Agreed — gig XP award timing: only the main gig earns gig XP from combat (and any other gig-level awards). The sub-gig earns no XP toward its own progression while equipped as sub—it only reads its stored level for ability unlocks. To level a gig you ran as sub, swap it to main at a hub and play with it primary. UI should make clear that gig XP (bars, flytext) applies to main only.
Open:
- Curves: same philosophy as skills (soft feel, more XP per level)—per-gig tables vs global template TBD.
- Mastery/perks on gigs vs flat level gates—open (E2.M3-style expression).
Hub swap
Agreed: no on-the-fly swap. Changing main gig, sub-gig, or both only at a safe hub—city, home base, or other data-tagged swap site. Not in the field, not mid-combat.
Open:
- Which locations qualify (faction terminals, apartments, guild halls, etc.).
- Fees, rep gates, cooldowns, tutorial exceptions.
- Loadout UX after swap: auto-unequip invalid combat gear vs player-managed presets per gig pair.
- Party: what happens if someone swaps while grouped—open (session lock vs free swap at hub).
Party, encounters, and recruitment
Earlier drafts implied a dedicated LFG UI (tags, filters). That is not decided. Players might use chat only (zone, guild, party ads), a future matchmaking tool, or a hybrid (e.g. hub board + chat).
Design intent (UI-agnostic): gigs still give shared vocabulary—“need mitigation,” “need cleanse,” “LF damage”—whether typed in chat or, later, picked from a structured browser. Encounter and scaling design can reason about niches without assuming any specific recruitment feature ships.
Recruitment channel — deferred: whether we ship chat-only, a built-in LFG/matchmaking tool, or a hybrid is not something to lock now. Revisit once social, zone, and session vision are further along; the conditional LFG design below stays ready if we build a tool.
If we ship an LFG-style tool (common in modern MMOs)—agreed direction, conditional on building it:
- Listings and search are niche / archetype oriented (mitigation, heal, damage, control, etc.)—not raw gig names as the primary filter.
- Eligibility: the game (or data rules) decides whether your current gig + loadout (main/sub, gear, etc.—exact inputs TBD) qualifies you to advertise under each niche. If you qualify for several, you may select multiple niches for your listing—player discretion among what you’re allowed, not forced single pick.

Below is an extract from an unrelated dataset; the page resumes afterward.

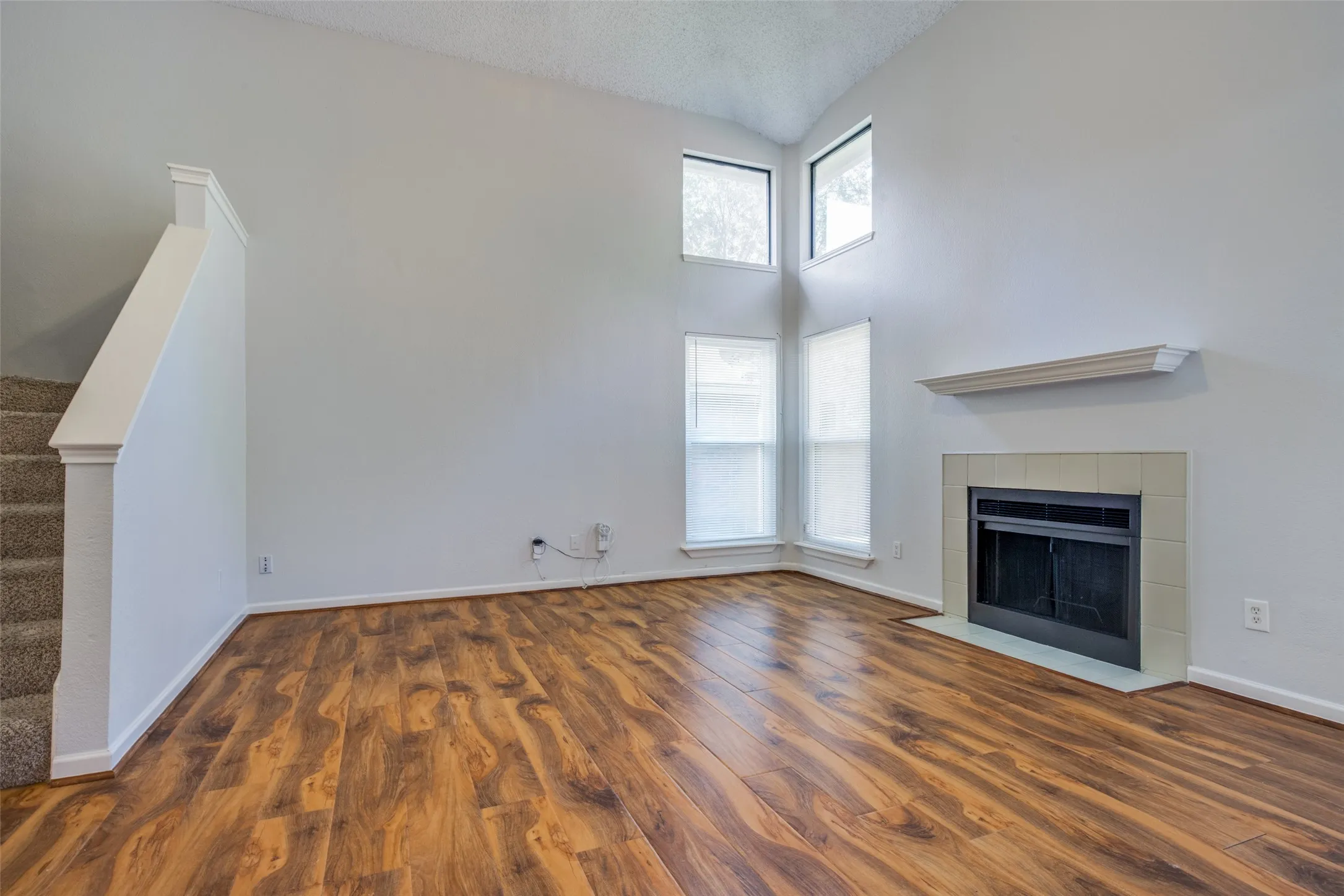 Vaulted ceiling, wood-finish flooring, tiled fireplace with mantel, multiple windows, and carpeted stairs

- Open: eligibility tables per gig/loadout template, caps on how many niches one listing shows, how sub-gig factors in, and UX copy.
Open — rules / content (independent of LFG UI):
- Mandatory niches in instanced content vs open-world flex.
- Group scaling (E5.M4) vs gig composition—pass with encounters.
PvE vs PvP
PvP scope is undecided—how much player-vs-player content (if any) ships, and in what form, is still unsettled. Until that vision exists, gig-specific PvP rules (viability per gig, sub-gig in PvP, brackets, templates, security-band hooks—overview risk stubs) stay open with no deadline, not a near-term design task.
PvE gig design proceeds without assuming a particular PvP answer.
Story
Gig-scoped storylines and main-quest-style arcs live per gig on one character; faction rep stays character-wide (skills.md seams). Open: how much mandatory gig story vs optional.
Gear & consumables (summary)
- Combat gear: gig-restricted equip; after hub swap, player fixes loadout for new main gig.
- Crafting combat gear: no gig requirement—skills only; can craft for trade.
- Consumables: anyone can use; passive amp checks main or sub (see Main gig + sub-gig).
Detail: seams table in skills.md.
Decisions log (gig-focused)
| Topic | Direction | Status |
|---|---|---|
| Sub-gig slot | FFXI-style; ~½ main effective cap; hub change | Agreed (skills.md) |
| Hub swap | Safe hubs only; not in field / combat | Agreed |
| Combat progression | Per-gig tracks | Agreed |
| Gig roster | 9 gigs (v1); 4th damage likely later—parked until niche is clear | Draft |
| Gig XP award timing | Main gig only; sub-gig earns no XP (level that gig as main to progress it) | Agreed |
| Sub-gig + consumable amp (passive) | Sub counts; main or sub can trigger passive amp | Agreed |
| Recruitment channel | Deferred—revisit with broader game/social vision; options remain chat / tool / hybrid | Deferred |
| LFG tool (if shipped) | Niche listings; gig + loadout eligibility per archetype; multi-select among qualified niches (player choice) | Agreed (conditional) |
| PvP gig rules | Blocked on overall PvP vision—open indefinitely until product direction on PvP is clear | Open (indefinite) |
Next artifacts
- Abilities — gig-locked kits, sub-gig ability rules, telegraphs (Epic 5).
- Combat pillars — PvE readability, TTK, risk (overview).
- Items — equip tags per gig; crafted vs dropped.
- brainstorm/hack-bodyguard-missions.md — group content where gigs hold security while skills run the hack (brainstorm).